Ревность к неснятому кино


Если бы статья Михаила Трофименкова, посвященная фильму «Над темной водой», была написана действительно об этом фильме — можно было бы ликовать: перед нами предстало бы воистину великое кино. Очищение подсознания нашей культуры — чего еще желать? Однако пока читатели «Искусства кино» получили блистательный манифест и не более того.

Видимо, изголодались мы по серьезному материалу для концепций. Критик видит в фильме Дмитрия Месхиева историю любви, культурологическую притчу и провокацию одновременно. Не много ли для одного фильма? — задает он риторический вопрос. Не много, — отвечу я. Если речь идет о пресловутом слоеном пироге постмодернизма. Однако ни первого, ни второго, ни третьего в этом фильме нет. Ни провокации, ни истории любви, ни тем более культурологической притчи. Для провокации картина «Над темной водой» попросту слишком подробна и серьезна. Для истории любви — нет, извините, любви. Поскольку нет героини. Есть несостоявшаяся спасительница Лена, девушка из другой эпохи, с которой герои не знают как обращаться. Ибо они играют свои роли и заигрываются, а она глядит на них печально и строго, будто предугадывая финал.

Культурологическая притча не состоялась по другой причине. Главным свойством кинематографа 60-х была естественность, которая искала мифологические подпорки в массовом искусстве и одновременно решительно преодолевалась и изживалась в фильмах Андрея Кончаловского и Андрея Тарковского. Картина же Дмитрия Месхиева менее всего естественна. Действие то и дело тормозится монологами сына, рассказывающего зрителю о том, что он запомнил из непрожитой им жизни. Повествование рвется, героям никак не удается быть вместе, а камере — быть вместе с ними. Героям остается только желание единства, обретаемого по ту сторону бытия. А камера жадно добирает это бытие, как следователь — она не скользит по поверхности, а схватывает объекты.

Замечало ли кино 60-х окурки в пепельнице? Вероятно, поскольку и курение было частью ритуала. Но об окурках не думали — важнее было сказанное или недосказанное. У Месхиева же камера разглядывает окурки так, будто надеется найти на них отпечатки пальцев. Там умалчивали. Здесь договаривают. Спора на уровне изображения нет, торжествует принцип дополнительности.

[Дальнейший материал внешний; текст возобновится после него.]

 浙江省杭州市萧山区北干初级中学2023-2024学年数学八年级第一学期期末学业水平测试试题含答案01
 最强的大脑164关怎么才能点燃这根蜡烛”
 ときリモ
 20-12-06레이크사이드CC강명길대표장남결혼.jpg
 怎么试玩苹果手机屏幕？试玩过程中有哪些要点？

Противоречие между сутью и способом рассказа ощутимо даже на уровне лексики и грамматики. Кино 60-х заставало своих героев преимущественно на улицах и площадях. По ним бродили в смутном томлении выпущенные на волю люди. Фильм «Над темной водой» не знает открытых пространств. Там либо беспредельность неба, куда выпадает герой с парашютом, либо — комнаты, дачи, углы. А если пикник, то он сразу же заканчивается дракой. Герои шестидесятых жили в ожидании случая, они во всем доверяли жизни. У Месхиева они судорожно пытаются удержать в руках судьбу, которой не владеют. Тревеллинги шестидесятых оборачиваются резкими монтажными стыками, разрушением возникшей было атмосферы эпизода. Здесь же на смену движению приходит жест.

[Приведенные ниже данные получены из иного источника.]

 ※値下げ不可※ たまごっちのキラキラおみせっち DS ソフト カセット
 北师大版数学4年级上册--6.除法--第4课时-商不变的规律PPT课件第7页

Если бы все это было сделано сознательно, если бы все сломы были обнаружены именно внутри 60-х!.. Пусть герои помяты и потасканны, пусть шестидесятническая идиллия обнаружила свою зловещую изнанку, пусть. Но ведь были же основания для такой апологии полета вообще. Вот в этом все дело. Оппозиция как цель возникла сама собой — из культурной традиции. И с учетом этой цели уже подбирались оправдания и самооправдания, позднее с презрением отринутые детьми. А тогда освобождение полета от цели уже было страшной крамолой. Цель переставала быть общей, хотя сознание общности еще оставалось и медленно умирало в семидесятые, оставляя людей моего поколения наедине с самими собой, а людей поколения Месхиева уже и без самих себя. Ужас прожитой жизни и ужас жизни непрожитой.

Но что толку ревновать к чужому, вместо того чтобы искать свое.